Le secret avait été jalousement gardé sur ce projet ambitieux auquel Damien Hirst, 51 ans, a consacré dix années et qui rassemble jusqu'au 3 décembre - près de 200 oeuvres inédites dans les deux écrins de la Fondation Pinault que sont le Palazzo Grassi et La Punta della Dogana.
Baptisé "Treasures from the Wreck of the Unbelievable" ("Trésors de l'épave de l'Incroyable"), il conte la légende de l'Incroyable, vaisseau qui sombra il y a des siècles au large de côtes d'Afrique, emportant avec lui sa cargaison inestimable. Dans les cales du navire, des sphynx venus d'Egypte, des statues grecques, des colosses de bronze, de l'or, des bijoux et des armes à profusion.
Ce trésor englouti, Damien Hirst l'a retrouvé au fond de l'océan Indien et il l'a extrait des profondeurs au cours d'une prétendue campagne de fouilles sous-marines dont les vidéos sont projetées au fil de l'exposition.
Pêche miraculeuse
A Venise, le plasticien expose le fruit de cette pêche miraculeuse dont les pièces sont encore recouvertes d'algues durcies, de coraux ou de coquillages, autant d'empreintes que la mer a déposées au fil des siècles.
Mais le visiteur s'interroge... Ce démon de 18 mètres de haut (sans conteste l'oeuvre la plus spectaculaire) qui accueille le visiteur dans l'atrium de Palazzo Grazzi est-il bien en résine peinte, comme l'indique le catalogue ? Et cette collection de bijoux: est-elle vraiment en aluminium thermolaqué et polyester, tout comme ces torses "antiques" ou ce Cerbère ?
On reste perplexe devant cette statue gréco-romaine à tête de mouche inspirée du poème épique d'Ovide, "Les Métamorphoses". De même qu'on est troublé par ces déesses ou monstres marins qui mêlent le style classique à l'esthétique des super-héros ou des mangas. Sans parler des bustes de Michey recouverts de coraux multicolores, qui déconcertent.
Laisser la place au rêve
"Le visiteur ne sait pas si les oeuvres qu'il voit sont restées deux mille ans au fond de l'eau ou si elles sont le résultat du travail de l'artiste. On est dans l'ambiguïté qui laisse la place au rêve", explique à l'AFP Martin Bethenod, directeur des Palazzo Grassi et Punta della Dogana. "Il y a différents niveaux d'interprétation qui se superposent et qui font la richesse et la complexité du projet", relève-t-il.

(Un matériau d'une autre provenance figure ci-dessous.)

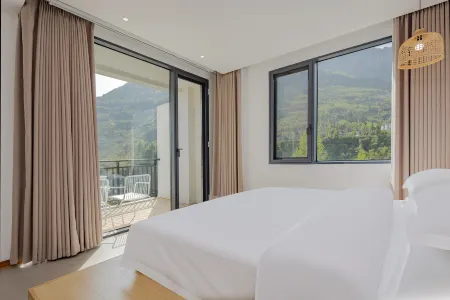 Enshi Shanzhi Starry Sky B&B Отели рядом с достопримечательностью «Yulong Crevice»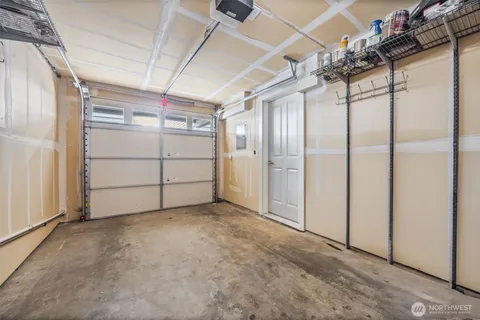 a view of a wooden door of the house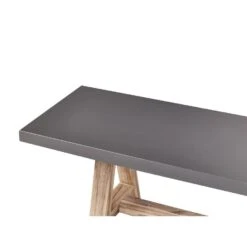 TONNARE - Tuinbank - Licht Hout - 200 Cm - Beton -Beliani Winkel f721527b351e45dda5d19ecb985b8fc9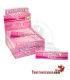 Elements King Size Roze Papieren Doos - 50 boekjes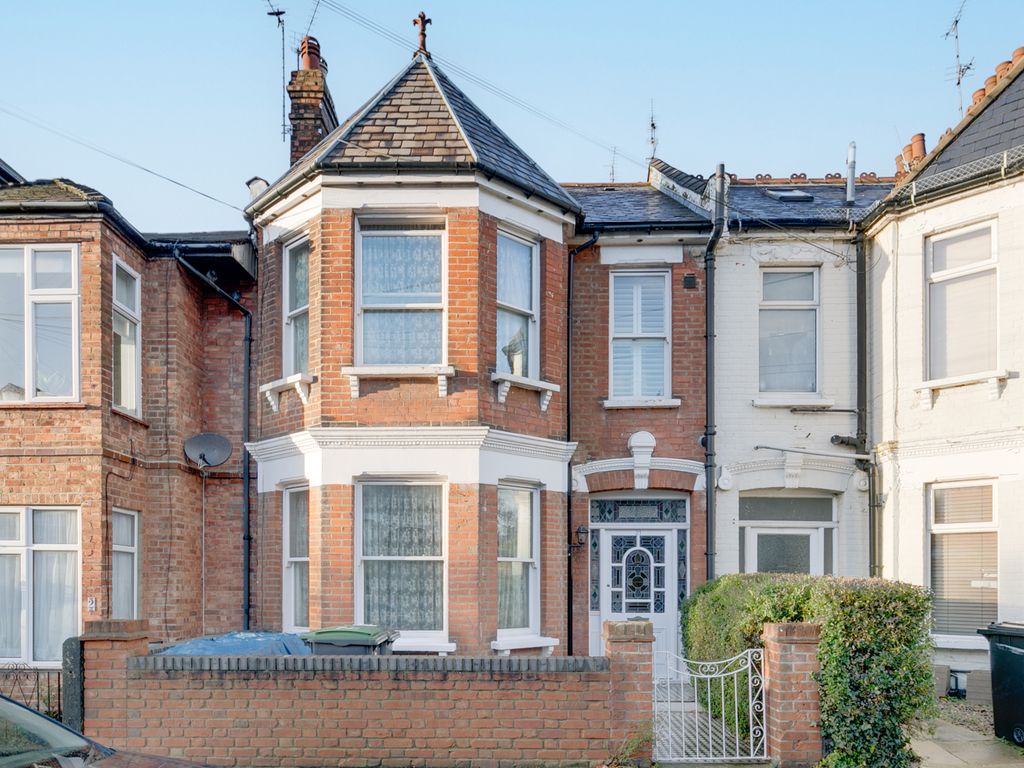 4 bed terraced house for sale in Barnard Hill, London N10, £1,250,000
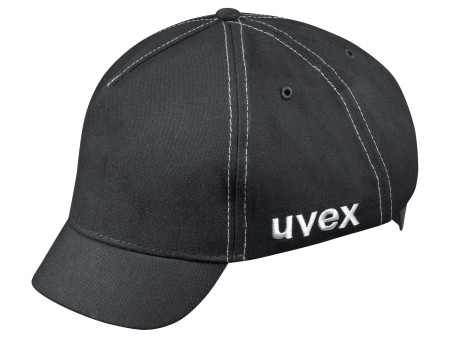 uvex Casquette anti-heurt u-cap sport, taille 60-63 cm, noir
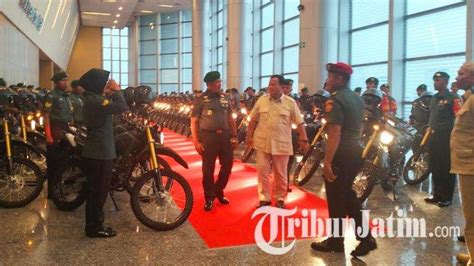 Bahagianya Babinsa Malang Dapat Motor Trail Dari Prabowo Subianto Gak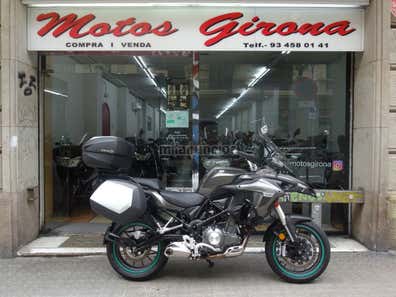 Benelli TRK 502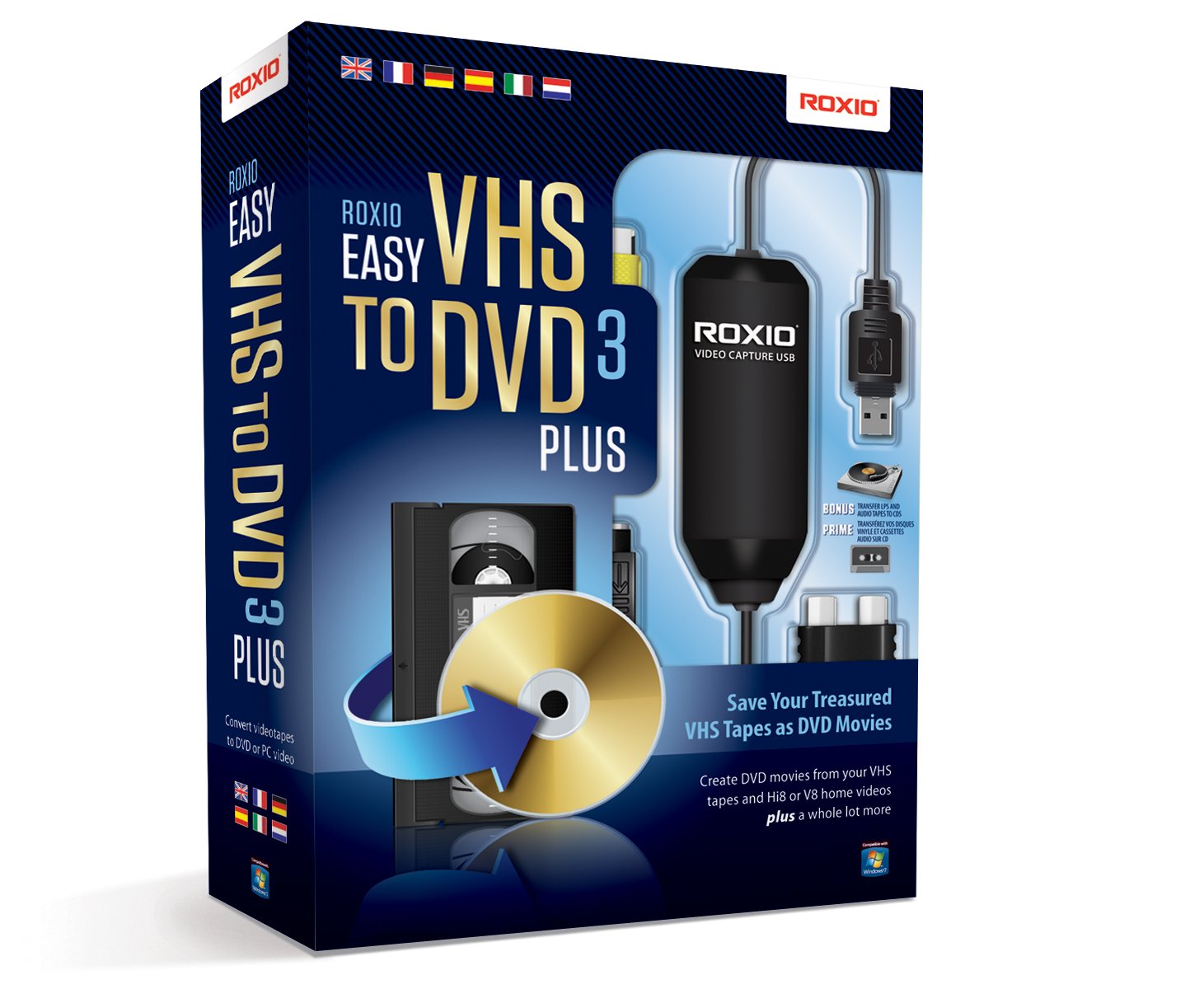 corel-roxio-easy-vhs-to-dvd-3-plus-videosoftware image 2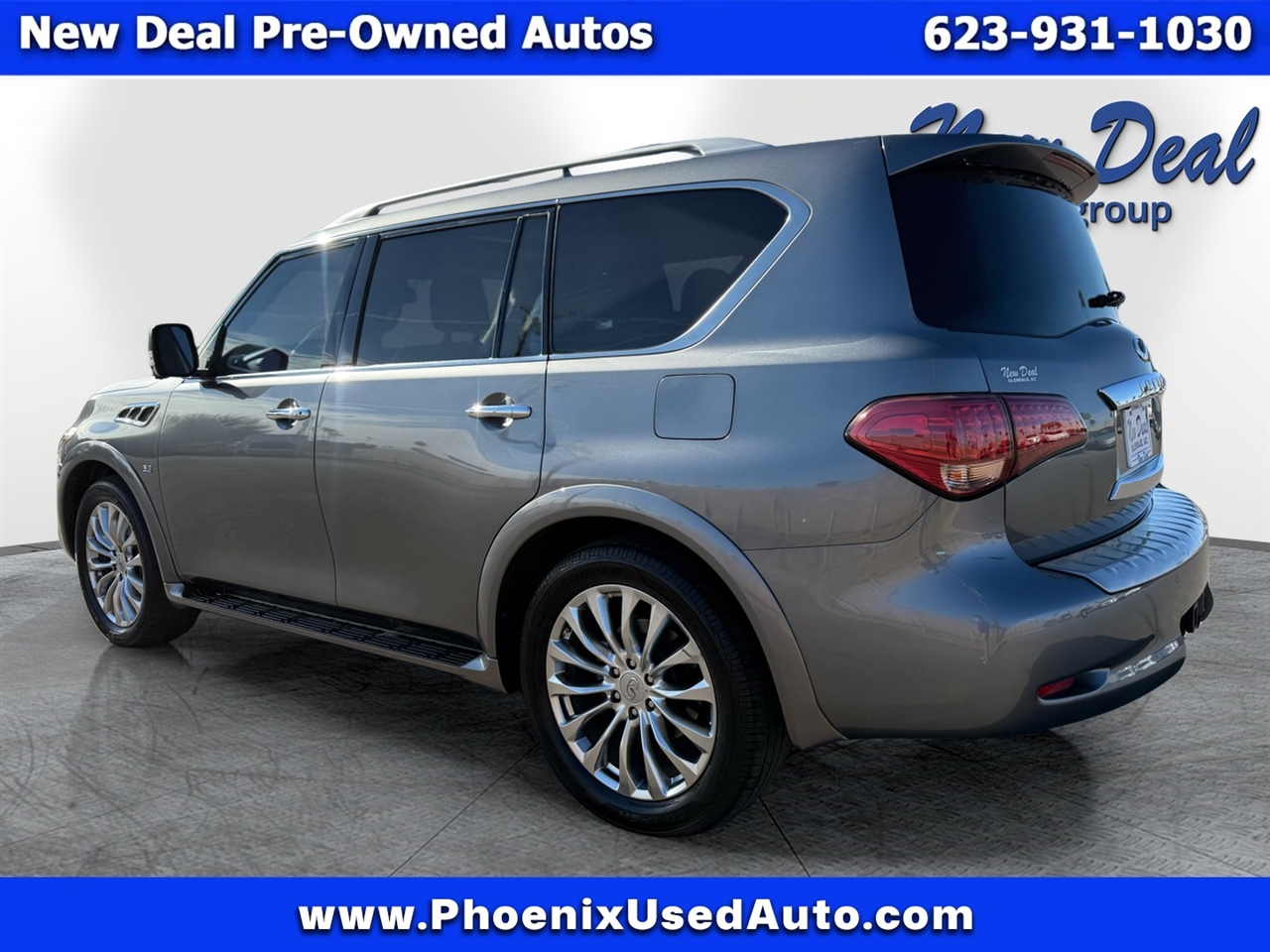 Infiniti QX80 2WD 2015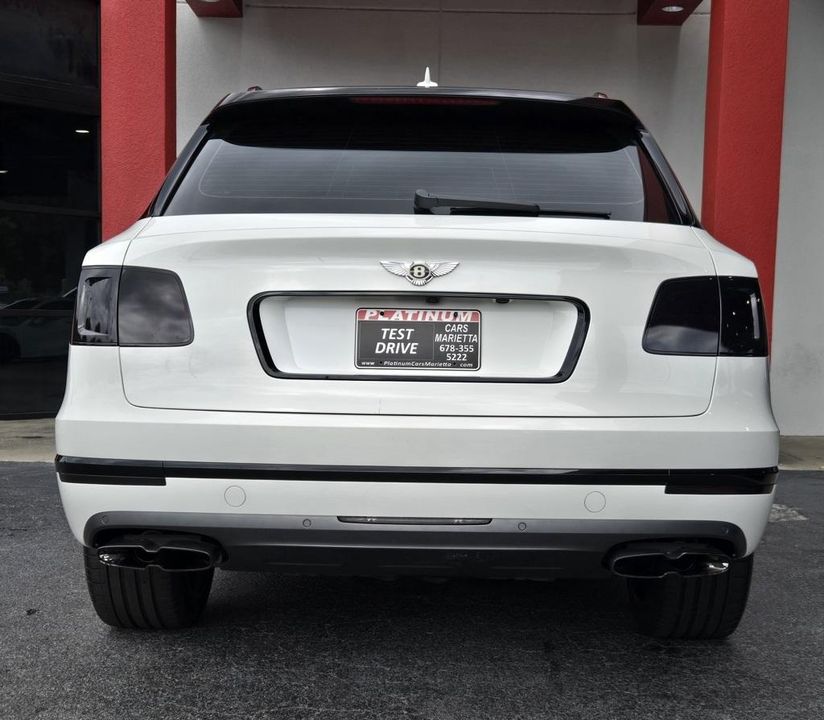 2020 Bentley Bentayga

Artiste de la finitude, Damien Hirst semble opérer avec ce travail un tournant dans sa carrière qui l'avait amené depuis les années 1980 à explorer les rapports entre l'art et la mort. Découvrir son oeuvre signifie entrer dans un monde d'animaux embaumés comme son emblématique requin plongé dans du formol (1991), ou son célèbre "Mother and Child Divided" ("Mère et enfant séparés", 1993): une vache et son veau découpés dans le sens de la longueur et placés dans quatre vitrines.
Des audaces qui lui ont valu d'être autant admiré que décrié mais aussi de devenir un des artistes vivants les plus cotés de la planète.
En 2008, il avait organisé lui-même une vaste vente aux enchères de ses oeuvres chez Sotheby's, court-circuitant le travail de ses propres galeristes. La vente de 223 pièces lui avait rapporté 137 millions d'euros. Quant à sa fortune personnelle, elle avait été estimée en 2012 par le Sunday Times à 433 millions d'euros.
Quatre mois ont été nécessaires pour acheminer jusqu'à la Sérénissime les 200 oeuvres, dont certaines ont été produites en plusieurs exemplaires. Quant à leur valeur marchande, elle reste un mystère même si des informations de presse, citant de potentiels acquéreurs, ont évoqué des prix allant de 500.000 à 5 millions de dollars, selon les pièces.